Further, a perceptual weighting circuit can be used to introduce a
perceptual weighting effect on the mean-squared-error (MSE)
distortion measure with regard to a reconstructed speech.
In addition to disclosure of the basic theory of the present
invention, five excitation models are disclosed. It should be noted
that the new schemes achieve better speech quality and stronger
noise robustness at the cost of a moderate increase in
computational complexity. However, the coder complexity can still
be handled using a single digital signal processor (DSP) chip.
BRIEF DESCRIPTION OF THE DRAWINGS
FIG. 1 is a schematic diagram of a conventional LPC-10 scheme with
binary excitation.
FIG. 2 is a schematic diagram an encoder utilizing the
analysis-by-synthesis approach of the present invention.
FIG. 3 is a schematic diagram of a decoder utilizing the
analysis-by-synthesis approach of the present invention.

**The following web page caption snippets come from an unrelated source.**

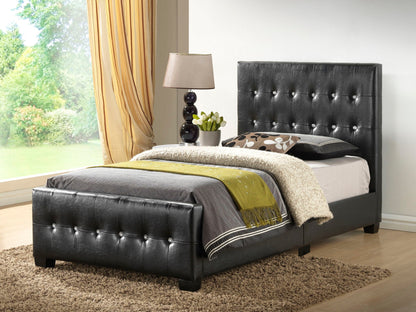 Stylish Transitional Bed by HouseOfZazla in black leather with tufted headboard on Tampa Home & Garden Store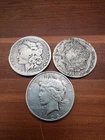 lot of 3 cull morgan and peace dollars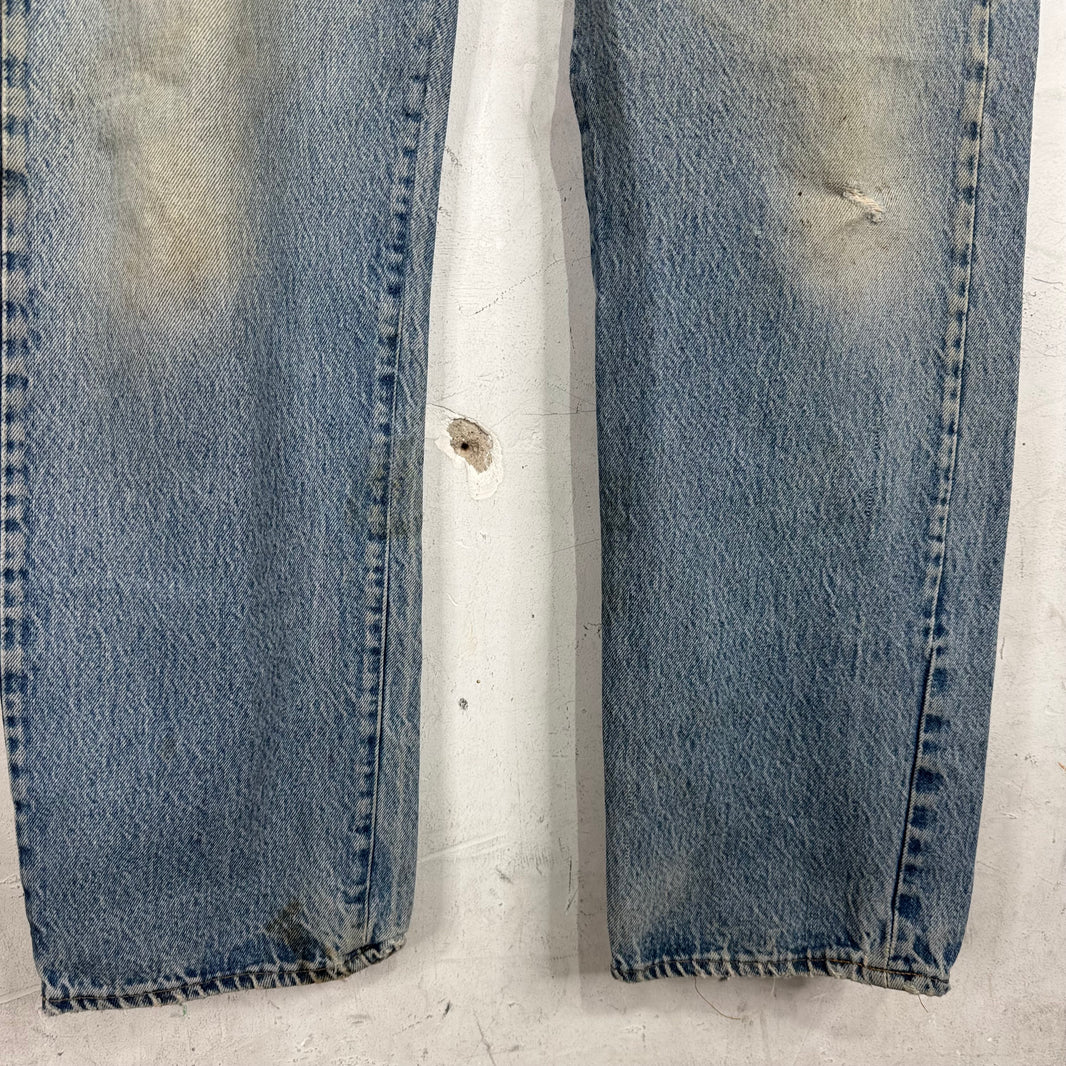 Vintage Levi's 501 Light Wash Muddy Jeans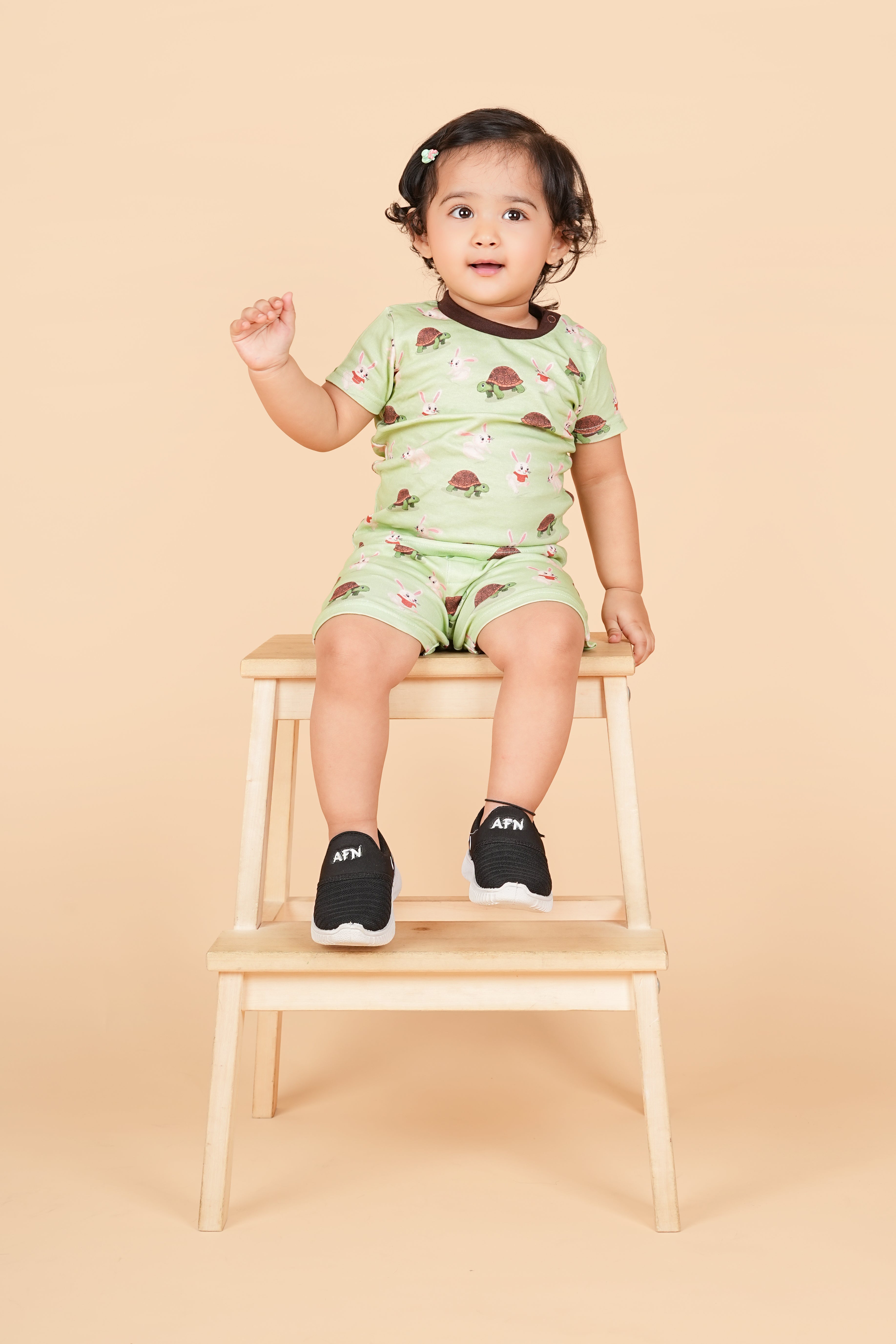 Teddytot Interlock Turtle Bunny Digital Print Organic Cotton T-Shirt & Shorts Set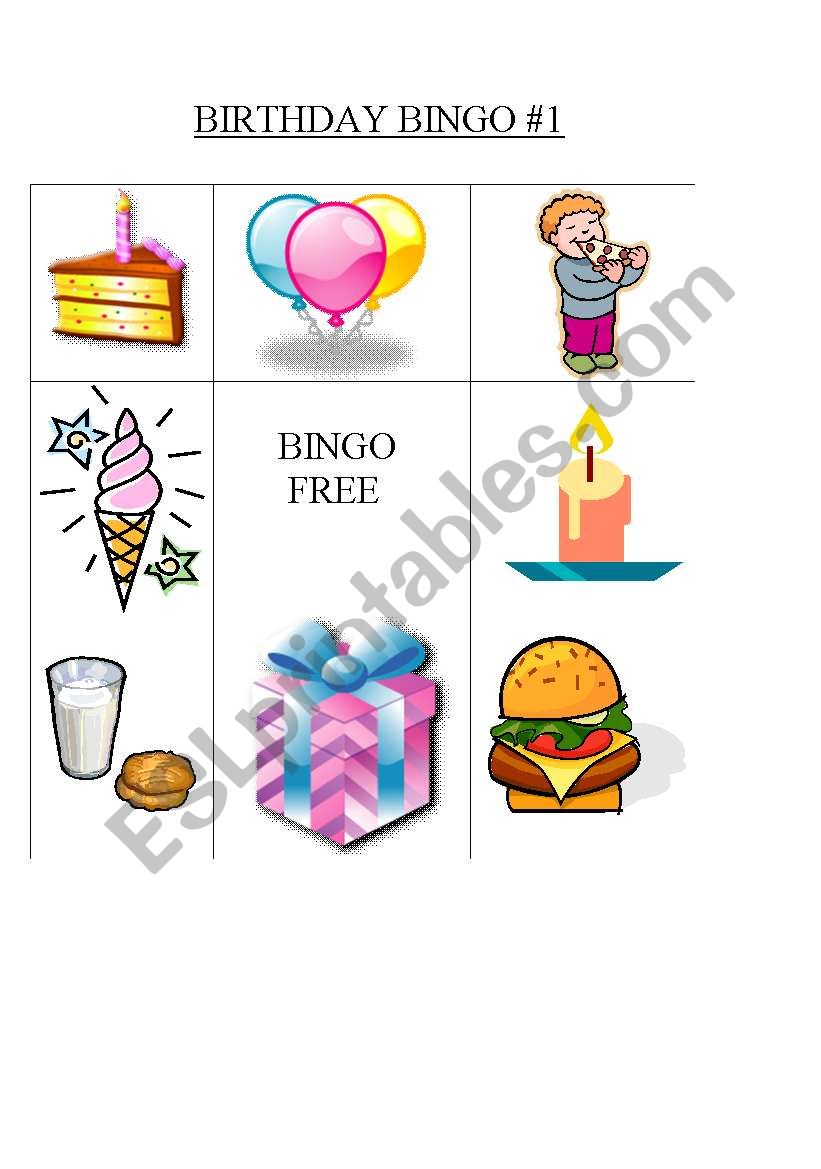 Birthday Bingo Card #1  worksheet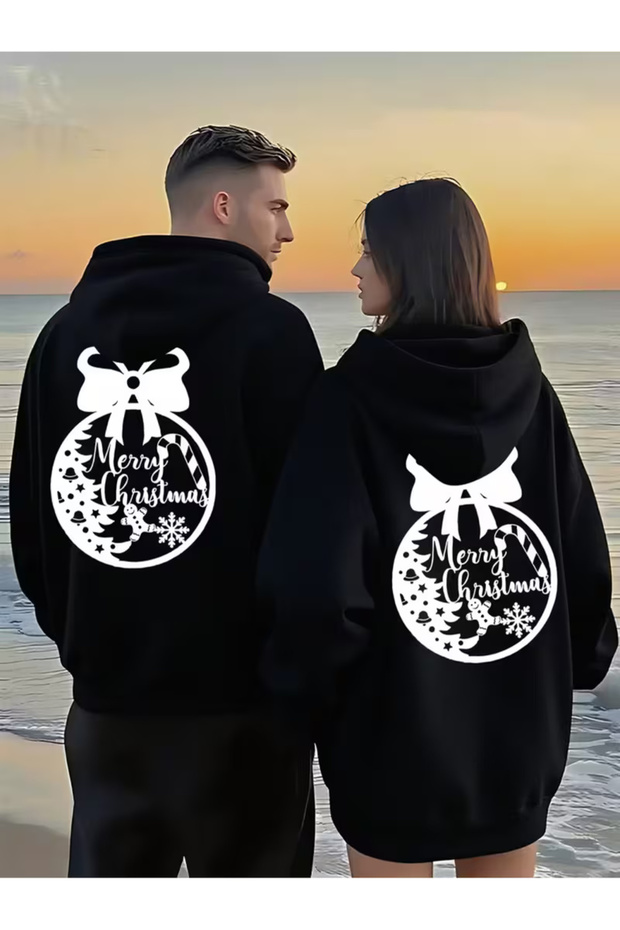 New Year Lover Combination Hoodie Merry Christmas Printed Oversize Unisex Hooded Black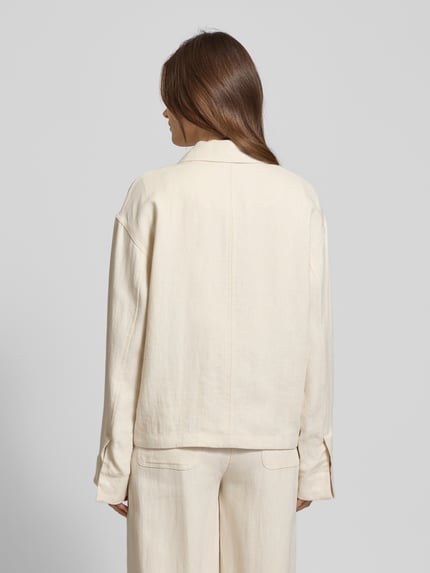 Marc O'Polo Regular fit overshirt in een mix van linnen en viscose Ecru - 5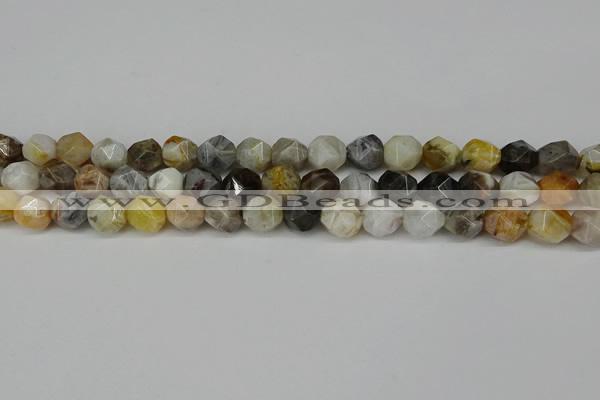 CNG6082 15.5 inches 8mm faceted nuggets silver needle agate beads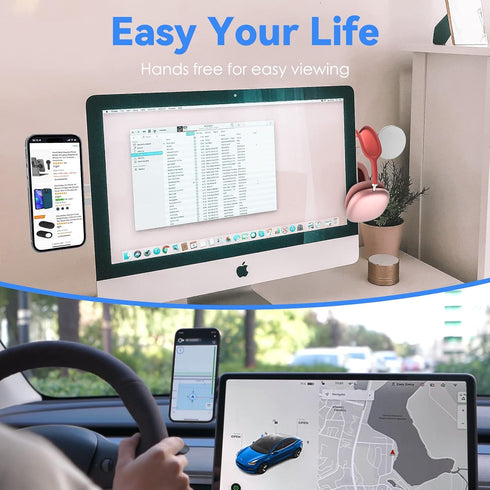 CloudValley Magnetic Laptop Phone Holder, Adjustable Continuity Camera Mount for MagSafe & iOS 16/macOS Ventura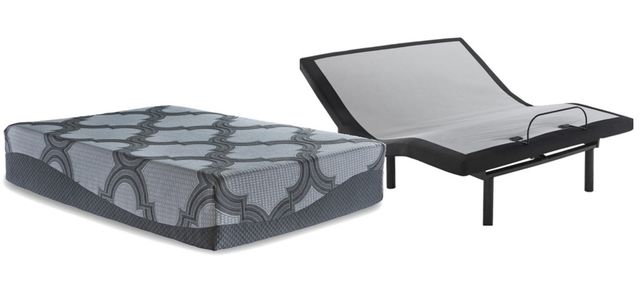 Sierra Sleep® by Ashley® 2-Piece 14" Hybrid and Better Adjustable Base Queen Mattress Set-0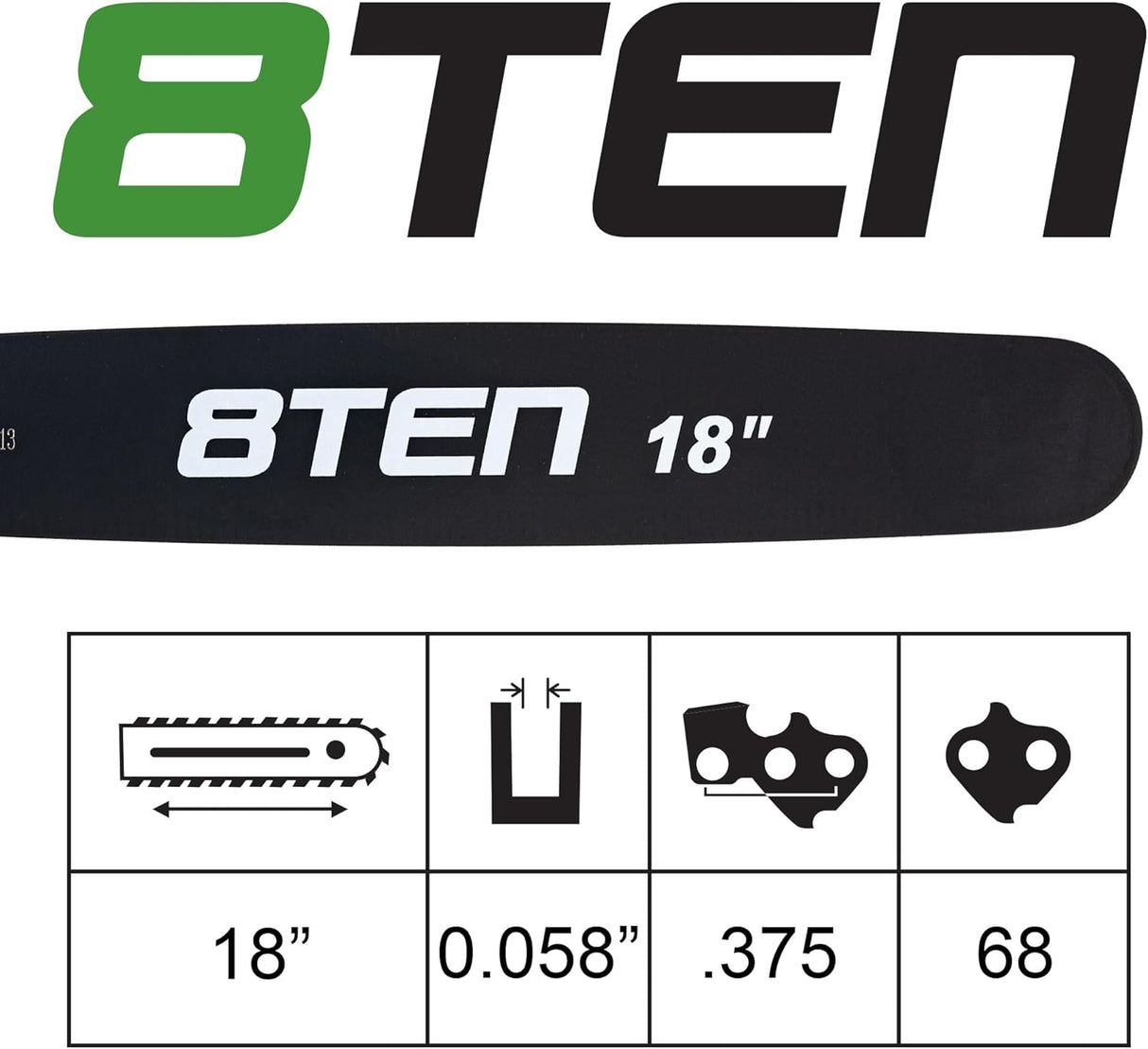 8TEN 18 Inch Chainsaw Guide Bar .058 3/8 68DL Chain for Husqvarna 372XP 365 Jonsered Makita Mcculloch Dolmar Solo Hardnose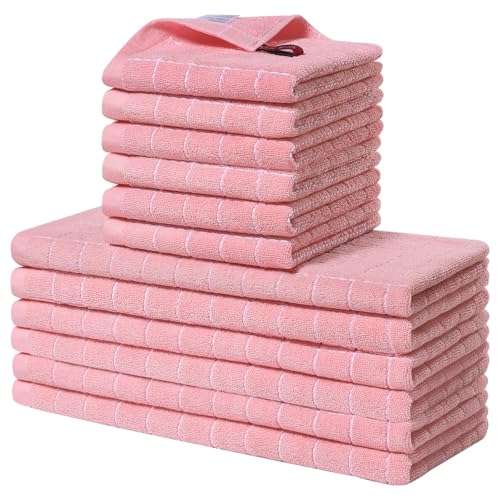 Homaxy Cotton Terry Kitchen Towels and Dishcloths Set of 12, Pink
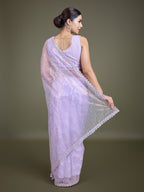 Monjolika Fashion Exclusive Women'S Lavender Soft Net SareeWith Sequin Work | Grocsy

FIG. 4 is a schematic diagram of a first excitation model of the
speech coder of the present invention.
FIG. 5 is a schematic diagram showing how to perform closed-loop
excitation analysis which is applicable to all the excitation
models.
FIG. 6 is a schematic diagram of a second excitation model of the
speech coder of the present invention.
FIG. 7 is a schematic diagram of a third excitation model of the
speech coder of the present invention.
FIG. 8 is a schematic diagram of a fourth excitation model of the
speech coder of the present invention.
FIG. 9 is a schematic diagram of a fifth excitation model of the
speech coder of the present invention.
DETAILED DESCRIPTION OF THE PREFERRED EMBODIMENTS OF THE
INVENTION
A schematic diagram of a speech coder of the present invention is
shown in FIG. 2. A spectrum synthesizer 202 (e.g., a 10th-order
all-pole filter), used to mimic a subject's speech generation
(i.e., vocal) system, is driven by a signal from an excitation
model circuit 204, to produce reconstructed speech. A distortion
analyzer 230 receives the reconstructed speech and an original
speech, compares the two, and outputs a distortion analysis. The
distortion analysis is delivered to the excitation model circuit
204 via a feedback path 250, to provide closed-loop excitation
analysis (i.e., distortion feedback).
The excitation model circuit 204 can use the excitation analysis
from such closed-loop method to compare distortion results from a
plurality of possible excitation signals, and thus, in essence,
implicitly performs optimization of a V/UV decision and pitch
estimation/tracking, and selection of excitation signals which
produce optimal reconstructed speech. However, it should be noted
that neither a prior V/UV decision, nor a prior pitch estimation is
made. Accordingly, the above-described scheme provides (via
feedback adjustment) a guarantee of how close the synthesized
speech will be to the original speech in terms of some predefined
distortion measures. More particularly, with a perceptually
meaningful distortion measure, the analysis part of a speech coding
scheme can be optimized to minimize a chosen distortion measure.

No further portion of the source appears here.